Another point is that the failure of the AVAiL trial to show a survival benefit suggests to me that avastin’s benefit isn’t astounding: I would have hoped to see it significantly improve overall survival with the cisplatin/gemcitabine regimen if it were that remarkable (most oncologists have considered the regimen attached to avastin to be pretty much interchangeable, since we presumed that the effect of avastin would be the same for all of these doublets). One large trial was positive, and another was negative, and I'm not sure that we'd consider it a standard of care if the negative trial had been reported first. But as it was, US-based oncologists were already conditioned to accept avastin as part of our initial plan, and the AVAiL trial leaves enough unanswered questions that I don't think it was enough to reverse our practice of giving it. But it didn't increase my confidence about how much the avastin was adding. So I don’t think it’s a crucial mandate that every eligible patient receive avastin. And it's something I think about in a patient who is perhaps borderline for eligibility, maybe because of treated stable brain mets or anticoagulation or has had some mild hemoptysis (coughing up blood). While there is growing experience suggesting that we can be more comfortable giving avastin to patients who may have previously been excluded or are just questionable for it, is it clearly beneficial enough to accept the risk if it didn't show a benefit in both of the large trials that studied it?
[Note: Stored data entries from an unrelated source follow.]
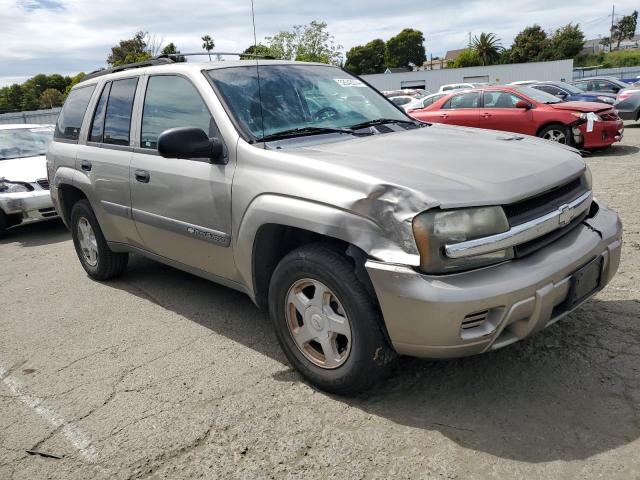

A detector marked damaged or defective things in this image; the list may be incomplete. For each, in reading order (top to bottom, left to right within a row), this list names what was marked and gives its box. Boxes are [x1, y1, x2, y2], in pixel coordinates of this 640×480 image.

crumpled front bumper [0, 188, 57, 224]
cracked asphalt [1, 124, 640, 480]
damaged chevrolet trailblazer [47, 59, 624, 394]
broken headlight [412, 206, 512, 274]
crumpled front bumper [368, 201, 624, 358] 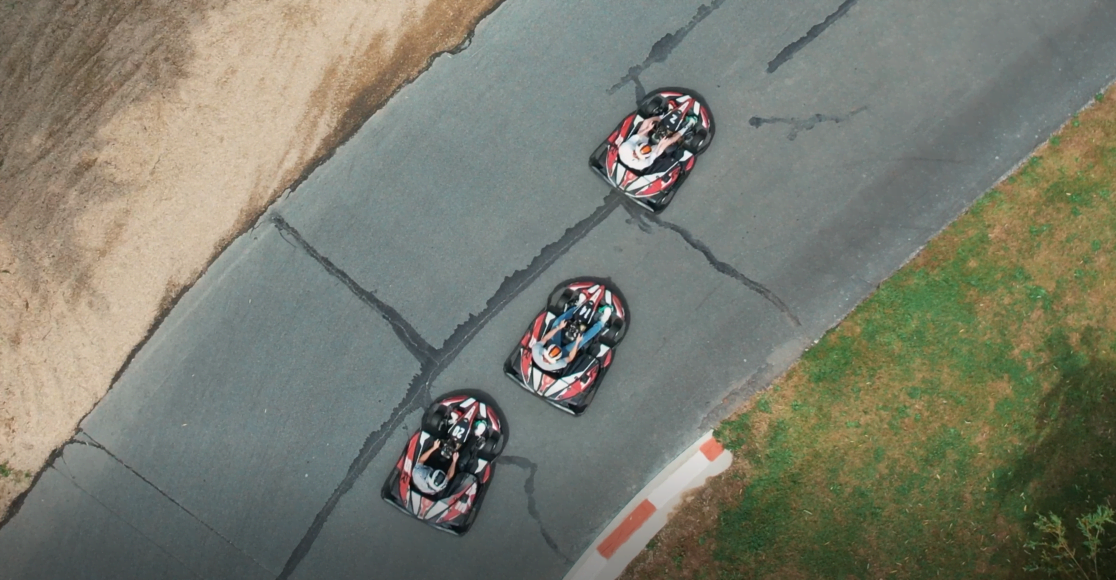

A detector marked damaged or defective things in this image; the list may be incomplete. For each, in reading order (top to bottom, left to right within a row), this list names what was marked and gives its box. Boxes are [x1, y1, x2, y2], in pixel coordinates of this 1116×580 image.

crack in asphalt [607, 0, 727, 95]
crack in asphalt [767, 0, 861, 73]
crack in asphalt [749, 105, 870, 140]
crack in asphalt [272, 214, 437, 361]
crack in asphalt [620, 200, 803, 325]
crack in asphalt [273, 196, 616, 580]
crack in asphalt [66, 435, 275, 575]
crack in asphalt [495, 457, 571, 562]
The other issue is that an analysis of patient age on the ECOG trial showed that elderly patients (defined as 70 and older) didn’t receive the same degree of survival benefit and experienced a significantly higher rate of many side effects compared with younger patients (prior post here). The trial wasn’t designed to test this, and this remains a debatable point, but I definitely discuss this issue with older patients, and although I wouldn’t hesitate to recommend the triplet to a fit 72 year old, I’d think hard about how to guide a 78 year old.

That's more than enough for now. I would estimate that only about 40% of my patients are eligible for avastin, so another post will cover how I approach healthier patients who aren't candidates for avastin for one reason or another.